Fu la stessa Agatha Christie a realizzare questo testo traendolo da un suo romanzo e modificandone il finale per farlo fruire, teatralmente, nel dopoguerra. Fu cambiato anche il titolo, perché la filastrocca “Dieci piccoli indiani” fu giudicata razzista. Evidentemente l’intuizione fu particolarmente acuta, visto che lo spettacolo fu da subito molto rappresentato, soprattutto nei paesi anglosassoni. Agatha Christie, del resto, era un genio anche del teatro e sapeva adattarsi ai tempi: non a caso ha scritto opere rimaste in scena per oltre 30 anni.

Chi è il capitano Lombard?

I personaggi di Agata Christie sono sempre funzionali al giallo. Viene raccontato un mondo altoborghese, attraverso la vita dei militari degli anni ’30 e ’40. Ci sono di frequente generali, ufficiali, grandi dame: lei amava ipotizzare il delitto in quel tipo di mondo. Anche il mio personaggio, il capitano Lombard appunto, è un avventuriero che è stato in Sud Africa e che viene invitato su un’isola per trascorrere un periodo che si rivelerà essere pieno di pericoli e di misteri.

Tutto questo dopo un passato piuttosto turbolento.

Lombard ha avuto un passato di contestazioni per certe sue decisioni. Gira infatti la voce che lui abbia abbandonato in Africa dei soldati indigeni delle colonie inglesi, lasciandoli morire. È un personaggio equivoco, insomma, al pari di tutti gli altri. Ciascuno porta con sé un’anima nera. E’ anche questo che incuriosisce e rende la storia più intrigante: tutti, nella vita, hanno qualcosa che li tormenta.

Sei ormai esperto di gialli: in questo caso, a differenza di quello che acccade nelle serie televisive, il pubblico può realmente costruire un puzzle con tutti gli indizi che ha in mano il detective.

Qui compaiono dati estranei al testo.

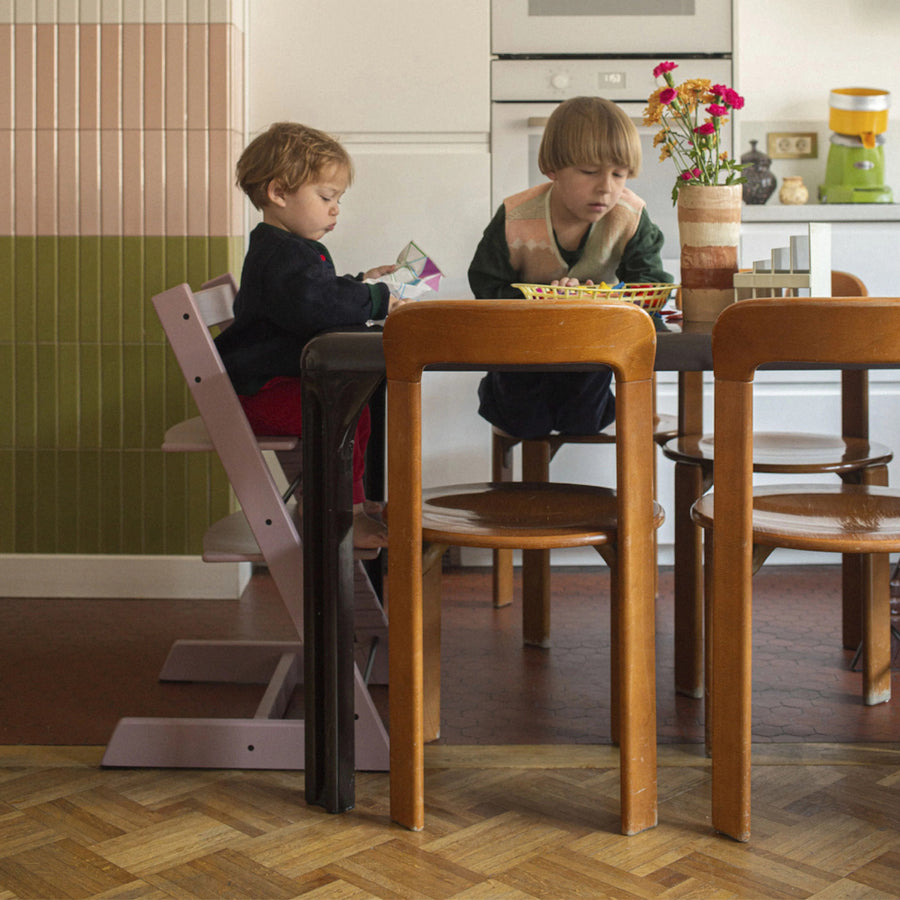 Stokke Tripp Trapp Chair Bundle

Sì, in pubblico in questa storia ha tutti gli elementi necessari per scoprire mano a mano la verità. Ci sono vari giallisti che prediligono un puzzle e altri che, invece, vogliono una narrazione. C’è una netta separazione tra chi predilige una situazione piuttosto che l’altra. Televisivamente il racconto deve essere sempre più attivo su diversi fronti. In Rocco Schiavone, per esempio, il pubblico è spesso affascinato dalle vicende del protagoniste più che dalla ricostruzione del puzzle.

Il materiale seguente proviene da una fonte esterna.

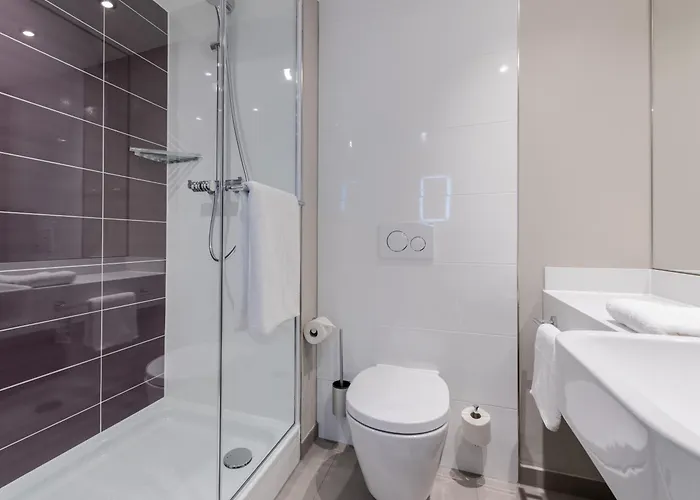 Premier Inn Stuttgart City Centre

Banfi, Manfredi, Ferrari, Zingaretti, Giallini, Montagnani, Rigillo. La lista sarebbe troppo lunga per citarli tutti. Hai lavorato davvero con i più grandi del teatro e del cinema: c’è un consiglio che qualcuno di loro ti diede e che ti porti ancora dietro?

Quando avevo 20 anni sentii dire da Roberto Herlitzka che bisogna respirare quando si recita. E’ una cosa che non ho mai più dimenticato. Ogni volta che si lavora con un grande attore, si è sicuri di portarsi a casa qualcosa di importante. Con Giallini, per esempio, è impossibile non percepire il suo valore, la sua umanità, la sua capacità di sentire quello che sente il personaggio. Entra nella parte come pochissimi altri sanno fare.

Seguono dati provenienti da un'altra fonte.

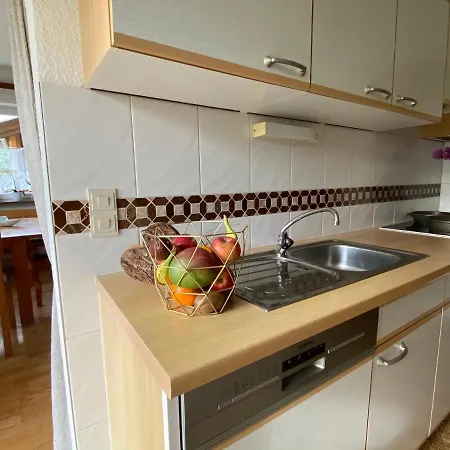 Haus Ager - #125820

La pandemia ha accentuato l’interesse per il teatro o l’ha indebolito?

L’interesse c’è e ci sarà sempre, perché il teatro è immortale, magico, non finisce di attrarre le persone. Certo, l’assenza di informazioni precise, l’evolversi di una situazione ancora non conclusa, rischia di creare disagio dividendo la società tra chi sostiene la necessità del green pass e chi no, ma il teatro è più forte di tutte queste polemiche, ne sono sicuro.